Von Matthias Kolb, Brüssel

Nach der dritten Erklärung platzt Sophie in 't Veld der Kragen. Die Niederländerin leitet die Sitzung der Sonderuntersuchung des Europaparlaments zum NSA-Skandal an diesem Montagnachmittag. "Mich erinnern all Ihre Statements an die sorgfältigst formulierte Aussage von Bill Clinton im Sexskandal um Monica Lewinsky", ruft die 50-jährige Liberale. Fast eine halbe Stunde lang hatten Vertreter von Microsoft, Google und Facebook über ihre Sicht auf die NSA-Affäre und die Datensammelwut der amerikanischen und britischen Geheimdienste referiert.

"Wir sind keine Juristen, sondern Menschen, die die Wahrheit wissen wollen", sagt Sophie in 't Veld. Für sie klinge es so, als würden Bürgerrechtler vor ihr sitzen und nicht die Vertreter von globalen Unternehmen mit Milliardenumsätzen. Seit Jahren rede sie mit Angestellten der Tech-Firmen, die ihr off the record "schockierende Sachen" erzählen würden. Doch niemand sei bereit, dies ins Mikrofon zu sagen. Sie wisse, dass es "viel Druck" aus Washington gebe. Aber wer könne es den Bürgern verübeln, wenn sie Google, Facebook, Microsoft und Co. nicht mehr vertrauen würden.
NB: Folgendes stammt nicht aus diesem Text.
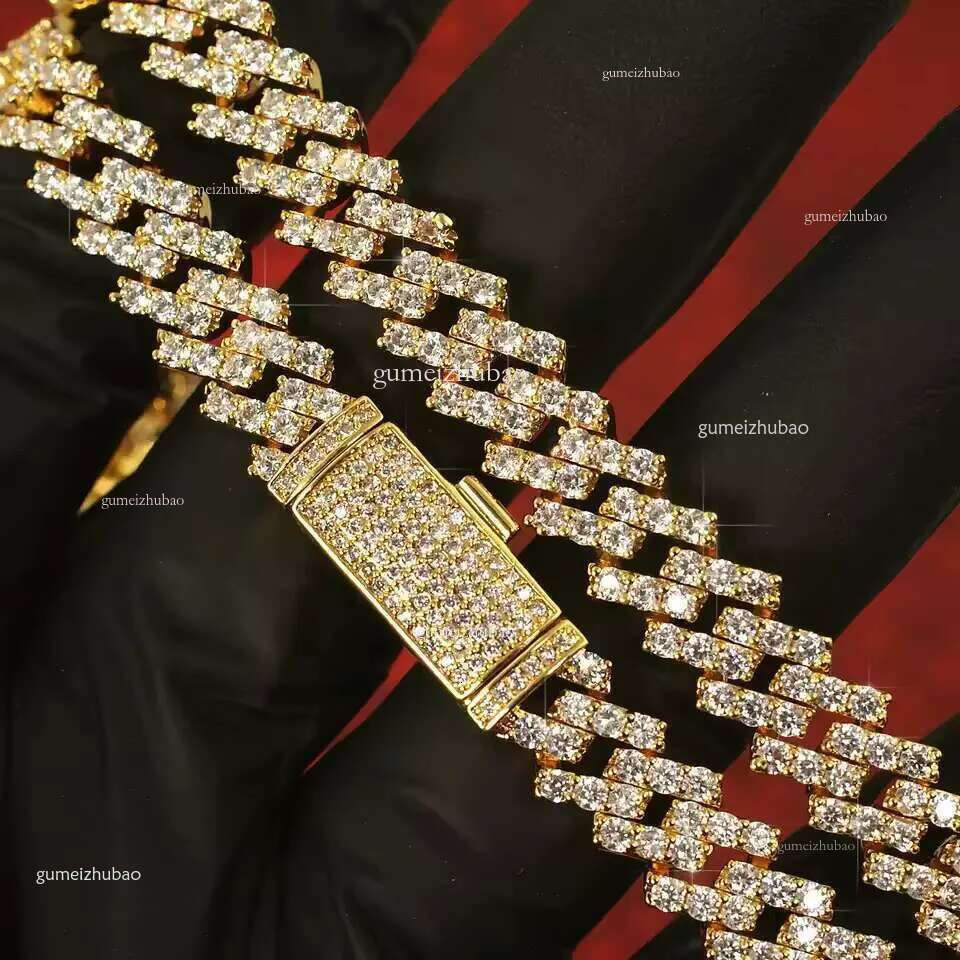 Qianjian 10k Gold Cuban ks Chains 24 Inches 6mm Iced Out Lab Grown Dias Necklace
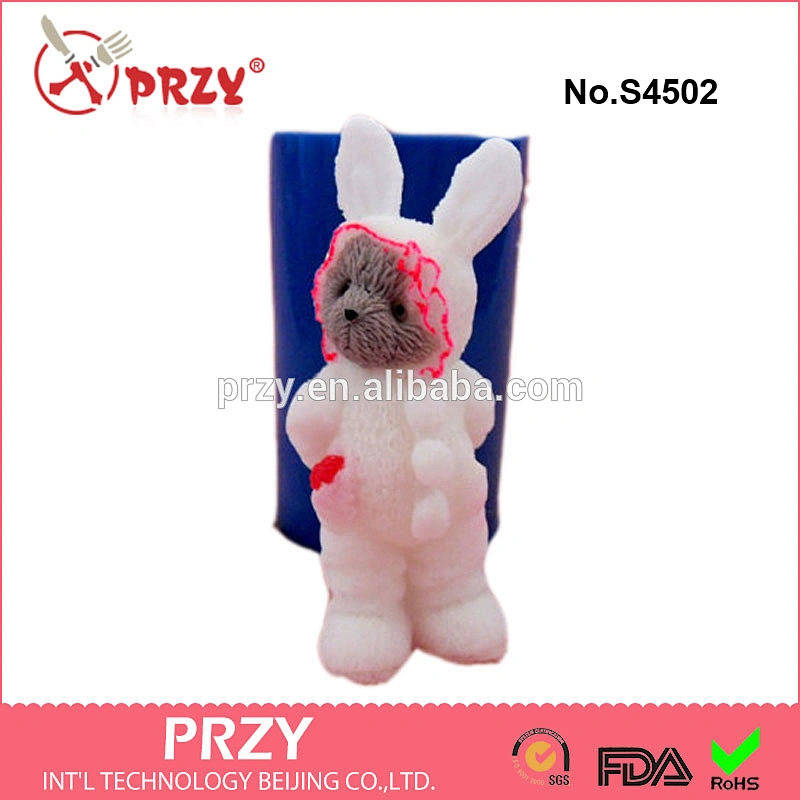 S4502 Teddy bear wearing a rabbit suit mold for soap/candle,silicone teddy bear soap mold,animal silicone mold
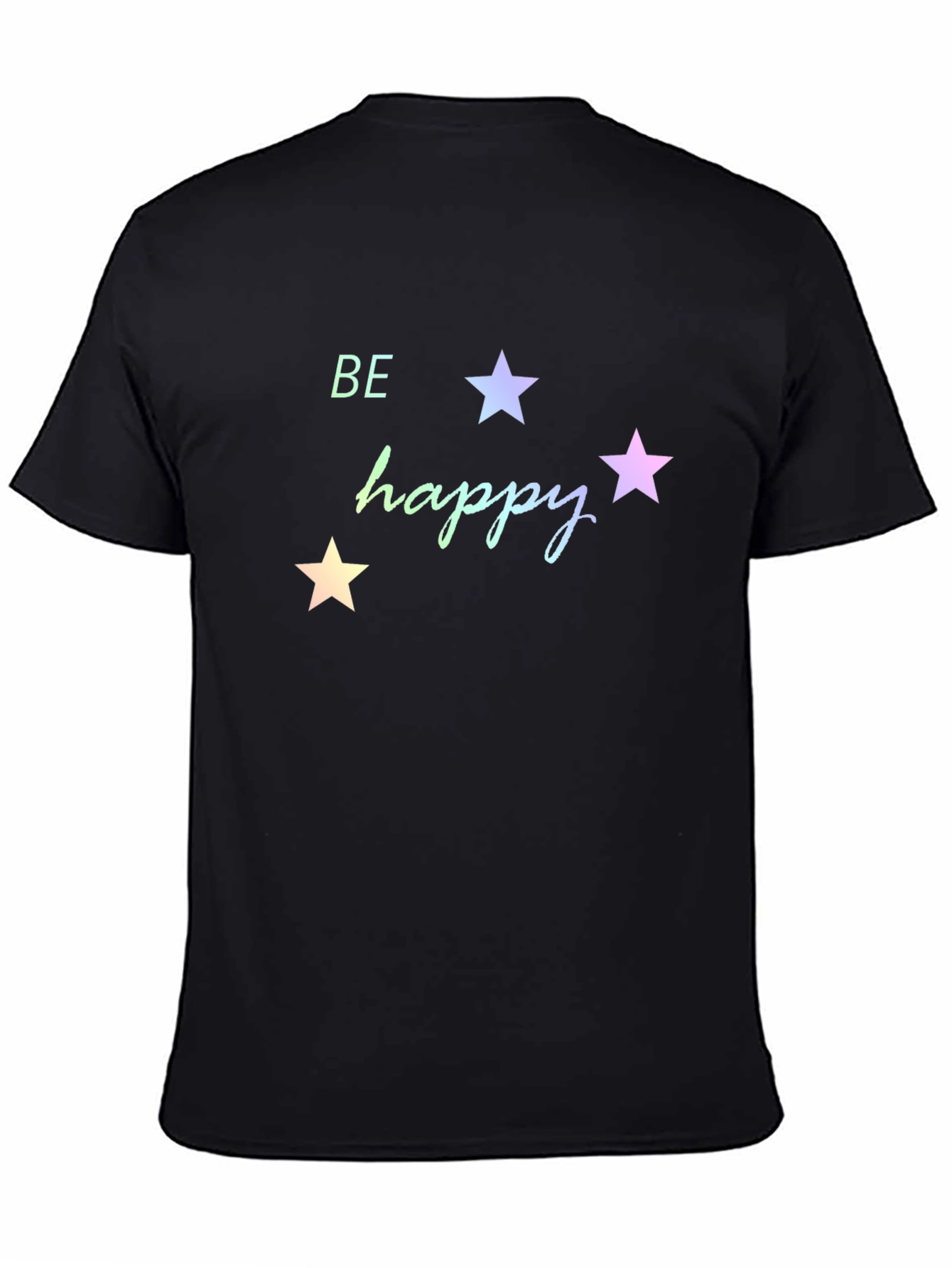 Be Happy Star Graphic Tee - Black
Da tauchte es wieder auf, das wichtigste Wort des Nachmittags. Überall geht es um Vertrauen - zwischen den Tech-Firmen und ihren Kunden, den Bürgern und ihren Volksvertretern und auch zwischen Amerika und den europäischen Partnern, wie der republikanische Abgeordnete Jim Sensenbrenner zu Beginn der Sitzung betont hatte. Wie wichtig Vertrauen für globale Firmen wie Microsoft, Google und Facebook ist, wird in der 90-minütigen Anhörung schnell deutlich.

Ihr Arbeitgeber sei bestrebt, die Menschenrechte und die Privatsphäre zu verteidigen, betont Dorothee Belz, Vizechefin der Microsoft-Rechtsabteilung für Europa, Nahost und Afrika. Keine Regierung und kein Geheimdienst habe per Hintertür Zugang zu Microsoft-Daten. Es bedürfe konkreter Angaben der Behörden, die penibel geprüft würden, bevor etwas herausgegeben würde.
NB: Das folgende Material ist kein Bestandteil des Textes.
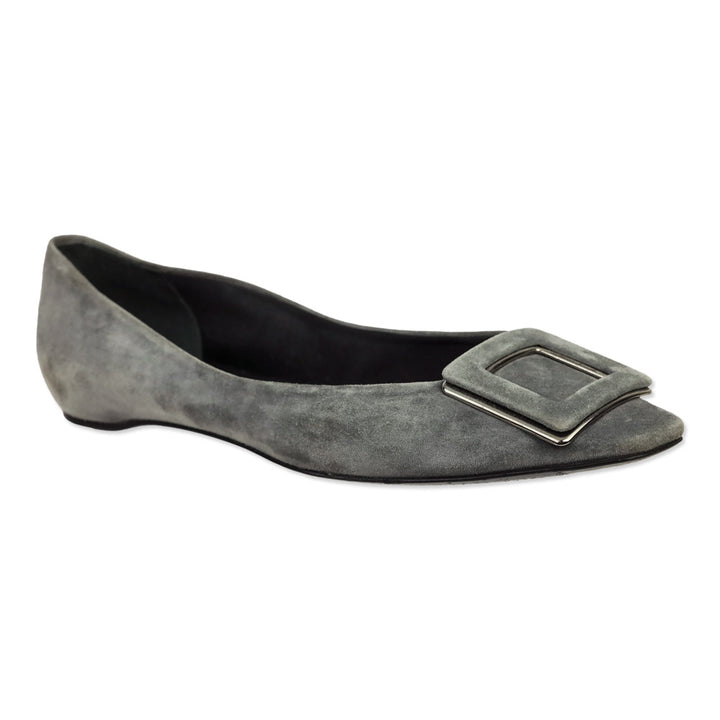 Roger Vivier Grey Suede Silver Gommettine Flats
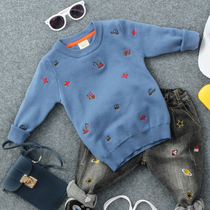 Childrens clothing pullover sweater Spring and Autumn new boy cartoon embroidered sweater baby wild sweater tide
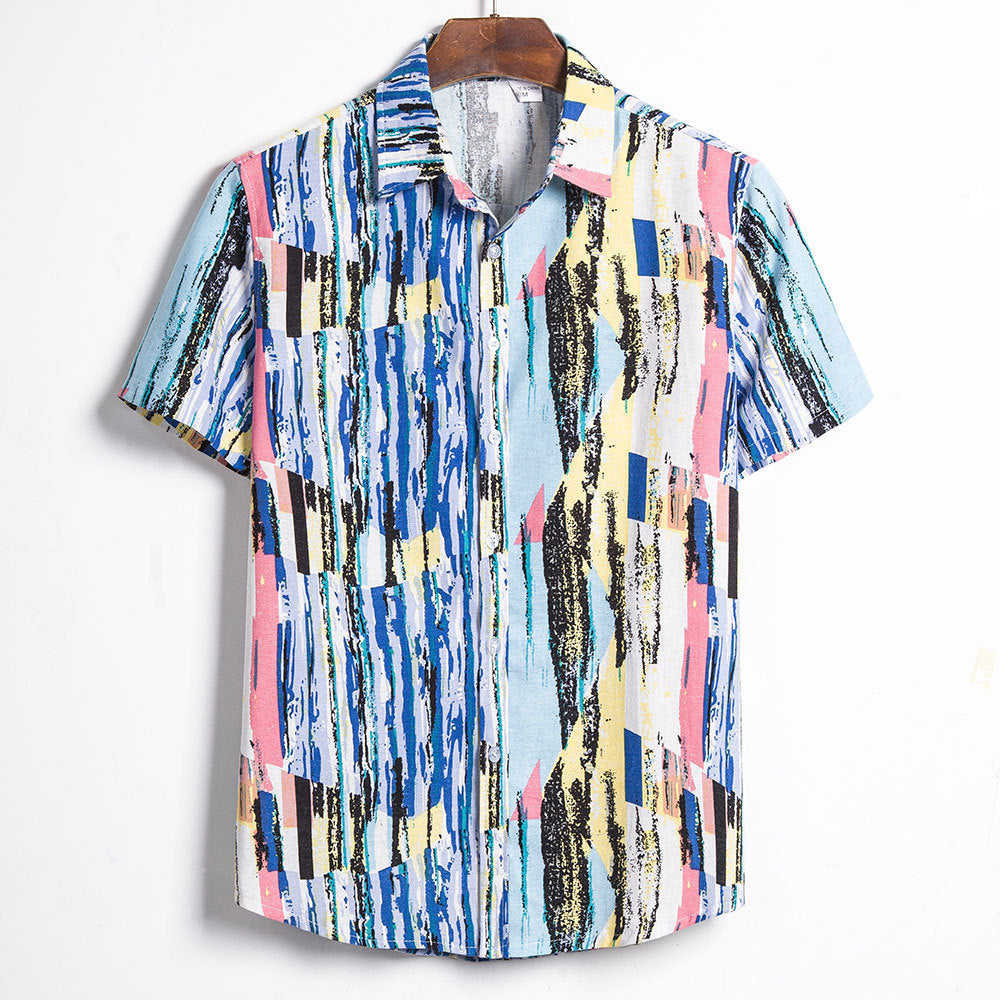 Chemise lin homme ethnique - Vue portée coupe ample confortable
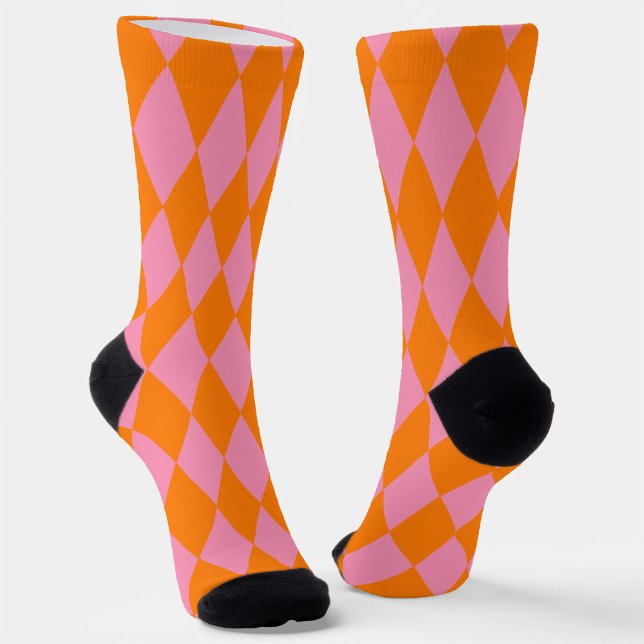 Chaussette Orange and Pink Harlequin Checkered Design  (Créateur téléchargé)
Ähnliches erklären Nicklas Lundblad, Googles Direktor für Öffentlichkeitsarbeit und Regierungsbeziehungen, sowie Richard Allan, der oberste PR-Mann von Facebook in Europa. Alle versichern, von Prism, Tempora und all den anderen Spähprogrammen erst aus der Zeitung erfahren zu haben. Nichts würden sie lieber tun, als so transparent wie möglich zu sein und offenzulegen, welche Daten staatliche Behörden in aller Welt von ihnen fordern.
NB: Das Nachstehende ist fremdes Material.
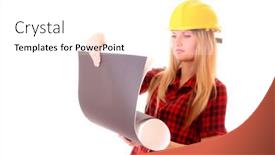  Presentation with paper - PPT layouts featuring young-woman-in-helmet background and a white colored foreground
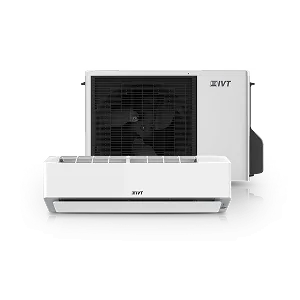 Produktbild på IVT Aero 600 luftvärmepump med både utedel och innedel placerade framför varandra.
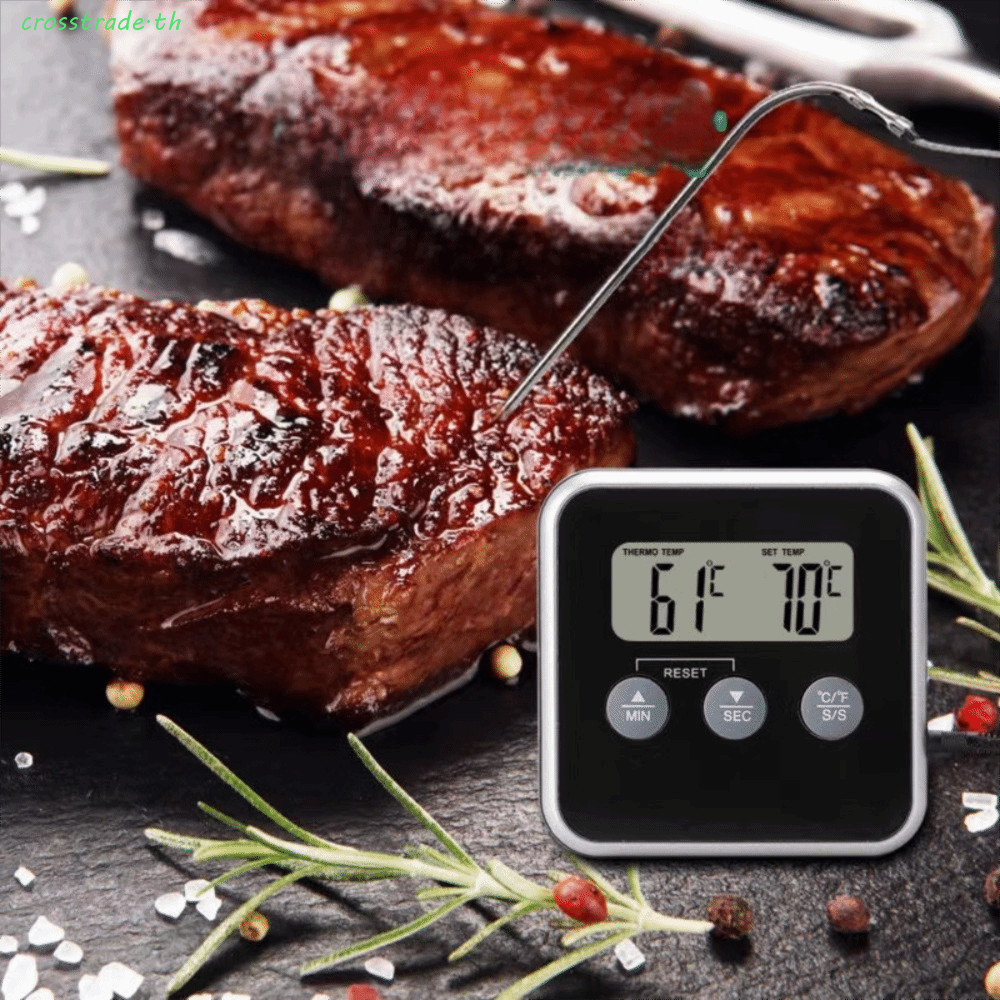 CROSSTRADE BBQ เครื่องวัดอุณหภูมิเนื้อ, พร้อมนาฬิกาปลุกเครื่องวัดอุณหภูมิอาหารดิจิตอลกันน้ํา, Gadget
Denn die Geheimniskrämerei der US-Regierung, gegen die Google und andere klagen, schafft große Probleme. Jeder Bürger kann die Beteuerungen glauben, dass die Verschlüsselungsprogramme funktionieren und selbst bei korrekter Rechtslage so wenige Daten wie möglich herausgegeben werden, glauben - oder eben nicht. Ohne Transparenz und Beweise lässt sich Vertrauen schwer wiederherstellen.

Regelmäßig sprechen Belz, Allan und Lundblad von "einigen wenigen Fällen" und beklagen eine "Hysterie" der Medien. Facebook habe 1,2 Milliarden Kunden weltweit, doch zwischen Januar und Juni 2013 hätten das soziale Netzwerk lediglich 12.000 Anfragen der US-Regierung und 8500 Anfragen aus Europa erreicht. "Es ist also nur ein Bruchteil der Nutzer betroffen", sagt Allan.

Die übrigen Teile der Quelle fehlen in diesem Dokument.